You are right of course. On that matter, I tend to make an exception for Rob; he has always been very outspoken and its a bit difficult to edit. Though he’s quite entitled to mention this. After all, other people chose to start spreadin g this most unChristian bile in the first, so they should not be surprised in some people don’t quite believe their hateful statements.
However, Rob can wait a little. Its not far off 5 and I need to get some more wine as Gareth’s coming tonight. Fear not. I will answer!
On the question of age Craig, I agree, this is totally hyporcritical. Especially when I am now being accused of being nearly 10 years older than I actually am!
I don’t have to prove anything, the false assumption is their’s – not mine.
There is a way to settle that actually, only it might cost someone around five pounds.
I am told that if you have someone’s name and birth date (but not the year), it is possible to view birth certificates on the Internet.
But then again, some people seem so determined to lie, that they’d even lie about that!

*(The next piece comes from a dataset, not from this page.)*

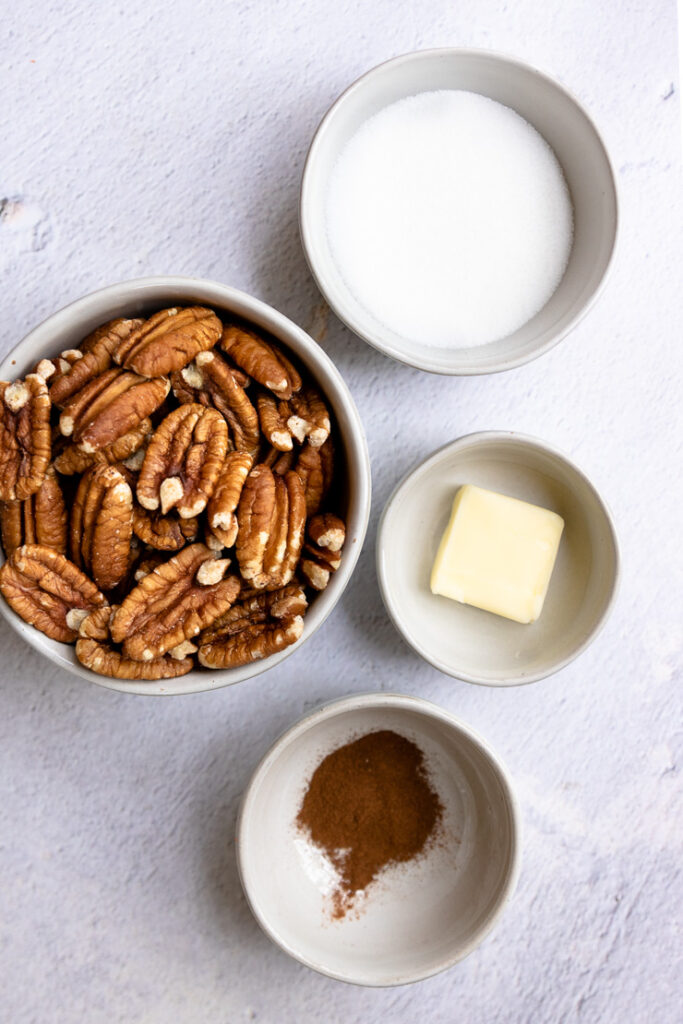 four white bowls with pecan halves, sugar, butter, and cinnamon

Whatever, I doubt very much whether I’d ever get an apology, even if that would be the ‘Christian thing to do’!
Yes. I think the word ‘hyporcrisy’ sums it all up Craig.
Spreading hatred such as this is not a very Christian thing to do!
YOU can wait Rob!
next time use a plastic bag mate.
works wonders especially after a few pints on a friday night
For Rob and EVERYONE,
I really do want to leave this subject ‘of sexual’ ability’. I know it was started by others elsewhere (and continued by them with a vengence), but I just don’t think that’s any excuse to continue it here. After all, its not as if a ‘national issue’! It is the opinion of just ONE terribly vindictive female, backed up by some semi-blind companion.

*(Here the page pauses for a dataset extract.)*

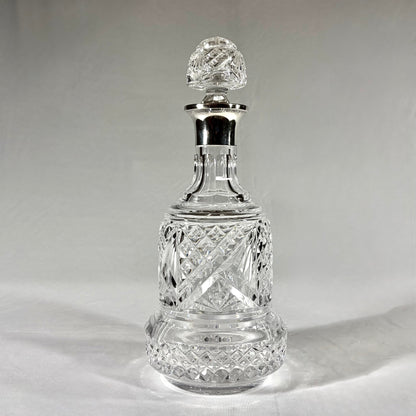 KLS Vaults large bell-shaped crystal decanter with sterling silver collar, diamond-cut glass, and faceted stopper.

Nobody is even reading it to my knowledge, except a few ‘scandal-hungry’ individuals here!
OK, Rob. I’ll qualify what I said again in general terms.
Sometimes if a man doesn’t feel physically attracted to a woman, this does not automatically mean he is ‘impotent’ – it just means he might not ‘fancy’ her in that way. Its as simple as that.
I have said though that sex should not be the most important thing (though sadly it often is), and you can still be in love with somebody nevertheless.
(Read my main post on ‘Love’ today if you don’t understand this).
But when we start personalising things (and people), it really does make it very difficult to answer.
I really don’t want to hurt anybody; but Lord knows, some people seem hell bent on trying to hurt me!
Yet I’m quite happy to leave situations to the people concerned. It then becomes a matter for just them; or rather is between a person and their conscience.
Does that now answer the question? I really hope so!